A Stochastic Process-Based Look at Software Reliability

All, I wanted to introduce you to another one of my Software Sciences & Analytics colleagues, Vignesh TS.  Vignesh works out of Bangalore and had some really interesting thoughts on software reliability that I thought would be great to share.  Enjoy!

Vignesh-PictureMy interest in stochastic processes based modeling of real life phenomena, led me a couple of years ago to an interesting application: Software reliability.

As a researcher in statistics who enjoys programming (especially in python), the first question I asked was whether it is even appropriate to study the faults in a software in a statistical sense? Honestly there is nothing “random” about a bug in software! But then why were research papers being published in premier journals in statistics on software reliability? It turns out that there is nothing random about a bug, but its discovery and subsequent correction can be modeled as a stochastic process.

Okay, so there seems to be some justification in studying software reliability in a statistical sense, but then why not use the huge body of literature that already exists for engineering reliability. A hidden bug in released software seems at a first glance, to be analogous to an undetected crack in the blades of an operating gas turbine. Well, there is a crucial difference between gas turbines and released software: No two gas turbines can be exactly the same, but two copies of a released software are exactly the same! Obvious as this remark may seem, it has profound implications for why software reliability models should be different from models for engineering reliability.

Is this the only difference between faults in a gas turbine and software? No. Gas turbines can fail because they “age”. There is no concept of aging in software. Well, there is a notion of software aging, applicable to embedded software that runs non-stop without rebooting. A small memory leak in such software can eat-up the device RAM over time and cause a seg-fault (we shall however ignore this for the moment). In reliability lingo, gas turbines have a “bathtub” shaped hazard function, while software would have a monotonically decreasing hazard function.   And by the way, I’d be amiss if I didn’t plug the blog entries my colleagues have written on the work they are doing to help prevent and detect aging and failure in gas turbines.  You should check out,  “How your cell phone camera can improve the performance of a turbine engine”.  But back to the topic at hand…

Software reliability is still an active field of research with the literature full of models and their criticisms. However what is generally recognized is that if we do come up with a correct model for software reliability, it could have the following uses.

  1. Helping a software development team to know when to stop testing and debugging a software and release it. This is called target reliability and could guarantee a customer a certain minimum period of fault free running of the software.
  2. A software company would be interested in knowing whether the reliability of newer versions of software the company has been releasing is increasing.
  3. The company might also like to correlate a software reliability metric of their software with features in their development environment. For example one question worth answering would be to determine whether the usage of certain open source C++ libraries as opposed to a competing in-house library increases the reliability of the software. Such questions and their answers could lead to formulating software development best practices.
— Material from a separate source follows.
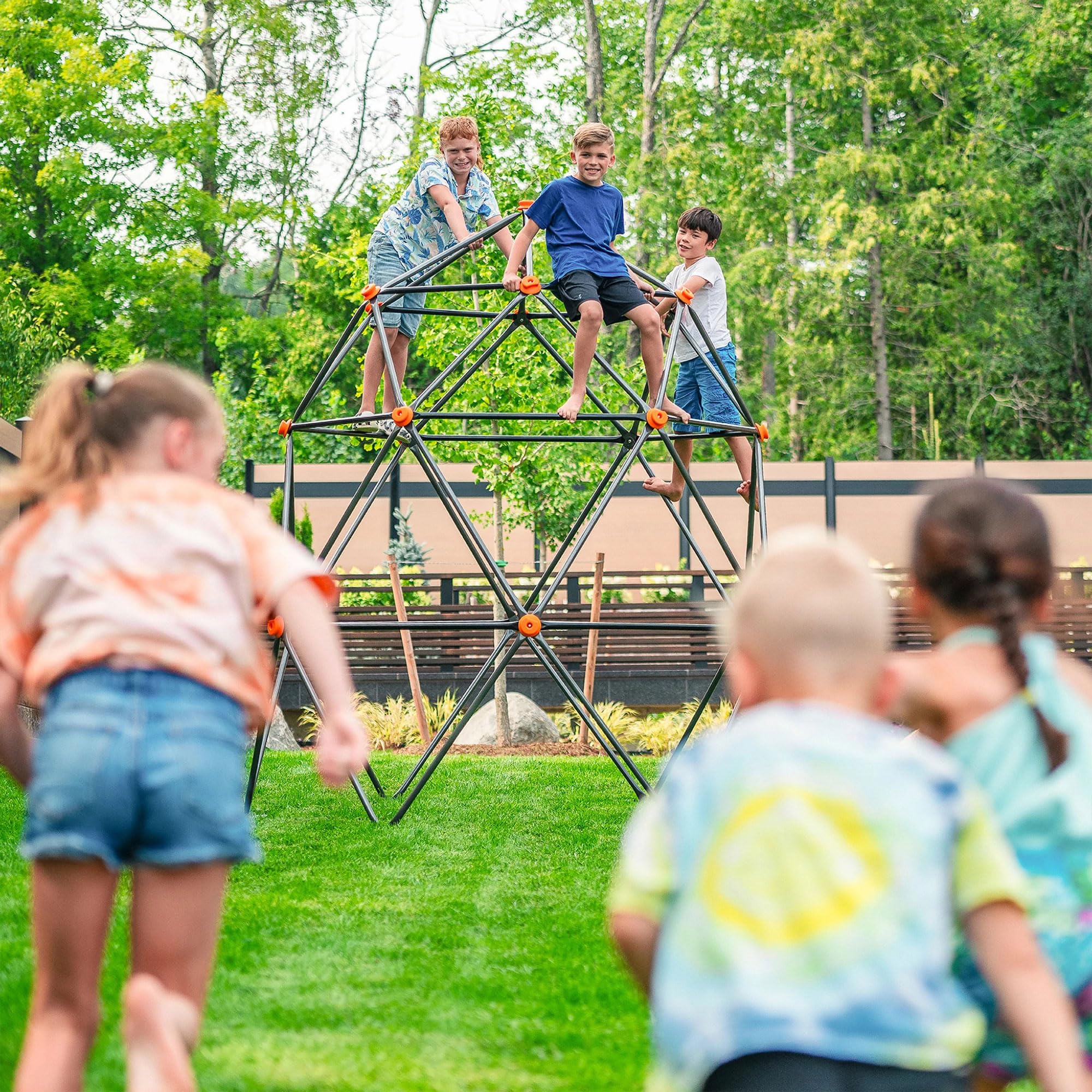 Climbing Dome Outdoor Play Structure 7.5ft Metal Playground Equipment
Let’s get back to what I wanted to blog about: Stochastic Process based models for software reliability. The first stochastic process model for software reliability was by Jelinsky and Moranda in the 70’s. They modeled the process of discovering bugs and correcting them as a “Pure Death Process”.

Imagine a set of unknown number of individuals in a closed room whose number cannot increase. As macabre as it may sound, assume that the only way we come to know of the existence of an individual in the room is when the individual dies. Initially as there are more individuals, there will be more frequent deaths and as time goes on the frequency of deaths will drop. The rate at which the frequency drops can be used to estimate the number of individuals present in the room initially. Software bugs are like the individuals in the room and their discovery and correction is like the death of an individual. Using the frequency with which bugs were being discovered at the beginning of the debugging through the end of the debugging, we can estimate the number of bugs present when debugging stopped.
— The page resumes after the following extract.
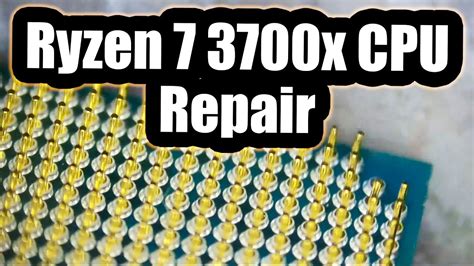 Ryzen 7 3700x Cpu Broken Pin Repair Cpu Pins Come In Different Sizes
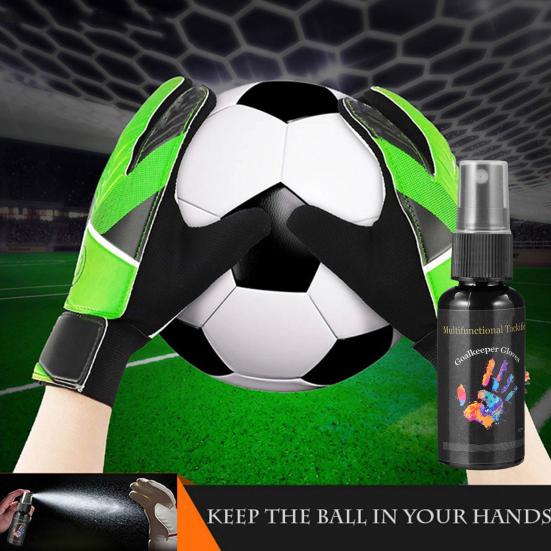 30ML Goalkeeper Glove Tackifier Sticky Glue Spray Lightweight Portable Soccer Goalkeeper Glove Grip Spray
The Jelinsky and Moranda model is clearly not realistic, but it was the first model to explore the possibility of using stochastic processes for software reliability. Since then a number of models have been proposed with increasing complexity and realism.

Models like the Jelinsky and Moranda model come under the class of stochastic processes known as self exciting poisson processes.  They are clearly not just applicable to software reliability. With the right tweaks, they can have other applications too.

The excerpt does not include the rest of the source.